It’s been almost two and a half months since two women were injured by a stray bullet(s?) during a White Sox game at Guaranteed Rate Field. You’d think two fans getting shot while enjoying America’s pastime would be big news – and it was for a while. But this is Chicago, the city the right likes to point to when they shout about crime (although cities like St. Louis, Missouri, Shreveport Louisiana and Mobile, Alabama consistently exceed Chicago in homicides per capita), and gun violence is, tragically, not hard to come by. And since the shooting happened on August 25, 2023, it has been that way three major mass shootings that made national news and dozens that didn’t. America is a country steeped in gun violence.
All of that would lead you to believe that Major League Baseball would at least have an interest in making fans feel safe on America’s ballparks so they can continue going to baseball fields. MLB concluded the 2023 season with the highest turnout rate since 2017, but it is rapidly aging fan base has been a story for years, and that means bringing families with children to the old stadium. Which, I suspect, families are much less likely to do if they fear their children will be shot while eating hot dogs on the third base line.
In late September, one of the shooting victims broke her silence, telling Chicago’s Channel 7 that she had not: as reportedsmuggles a gun into the game in her belly fat. According to the victim“She definitely hasn’t smuggled a gun into the ballpark… She also said she has never owned a firearm, although she does have a FOID card. The victim said she was fully cooperative with police, but the last time they contacted her was the day after the shooting.”

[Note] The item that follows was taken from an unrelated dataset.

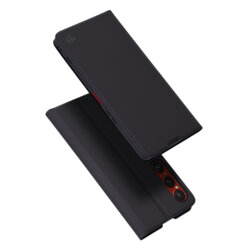 Husa Sony Xperia 1 VI Techsuit Magskin Book, negru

Whether or not the woman brought a gun into the park and accidentally fired it, shooting herself in the leg, seems like something that could have easily been discovered by now, if that was the case. But the woman’s attorney, John Malm, told ABC 7: “The evidence we have, both from the injuries and from the X-ray showing the position of the slug in her leg, tells us she did not shoot herself. ” As the woman did if she had brought a gun to the park, she should have stashed it somewhere before being taken to the hospital, but there are no reports of anyone recovering a gun at the scene. The whole situation is bizarre.

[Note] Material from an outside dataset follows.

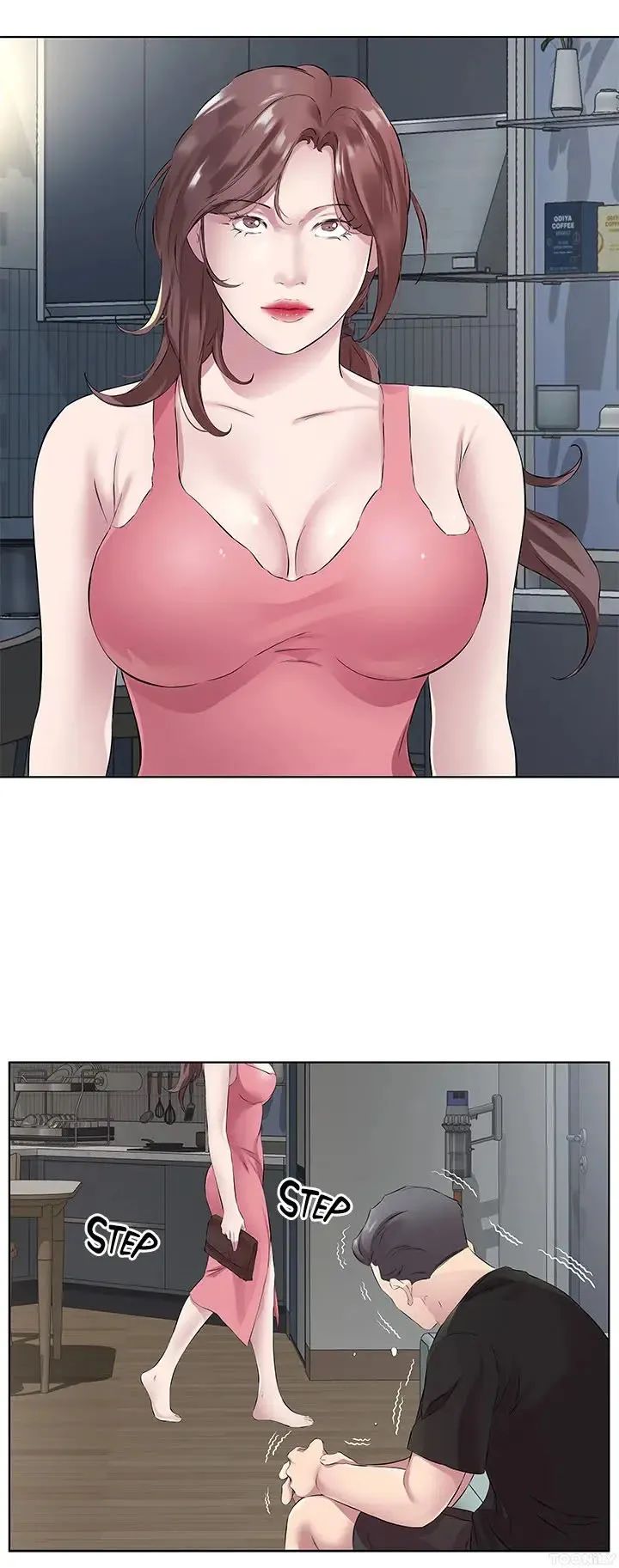 quý cô tầng dưới chapter 35 9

Chicago police, meanwhile, have not updated the public about the investigation for more than a month, telling Deadspin that while the investigation is still ongoing, “there are no updates at this time.” And while it’s unfair to judge what’s going on in an active investigation based on what police tell the public, it feels like everyone just chalked this up to “America – what can you do?” No one even seems to agree on where the shots came from inside or outside the baseball fieldwhich looks like something Dwight Schrute might imagine in the Dunder Mifflin parking lot. If someone gets a gun past security and into a major league ballpark, that’s a big deal. If the stands at Guaranteed Rate Field are positioned in such a way that someone can shoot into the park from outside, that’s a bigger problem.

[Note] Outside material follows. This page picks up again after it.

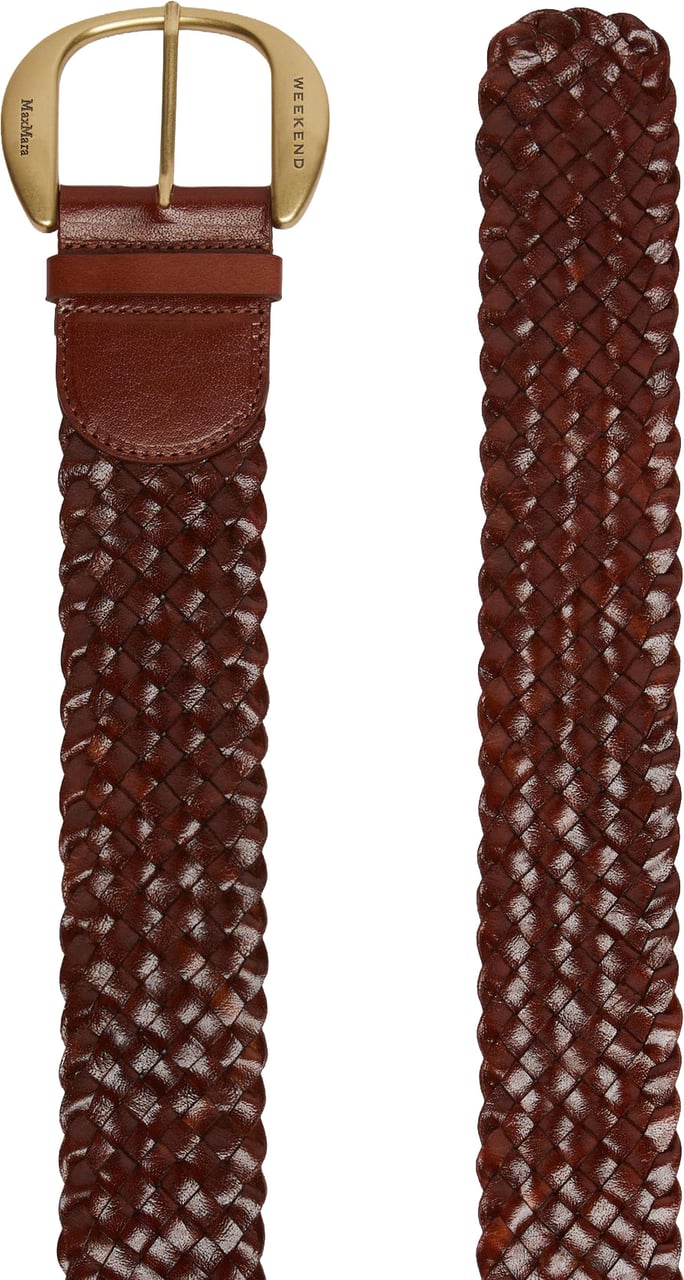 Max Mara Belts Cuoio Bruin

If, like me, you’re old enough not to have grown up with active shooter drills and people bringing semi-automatic weapons to Starbucks, this all seems surreal. Then the Loma Prieta earthquake stopped the World Series in 1989 it was a big deal. Imagine what would have happened if someone had been shot during an MLB game in 1989. We would have talked about it for weeks, even months. The date is said to be etched in history and something people write oral history about. Instead, it seems like it has cycled in and out of the news cycle just like every other mass shooting in America.
Sadly, in 2023 in America you can get shot if you go to Walmart, church, temple, bar, movie theater, country music show in Las Vegas, elementary school, middle school, high school, grocery store, and just about anywhere you can think of. Perhaps the most American thing you can do is worry about guns on the margins.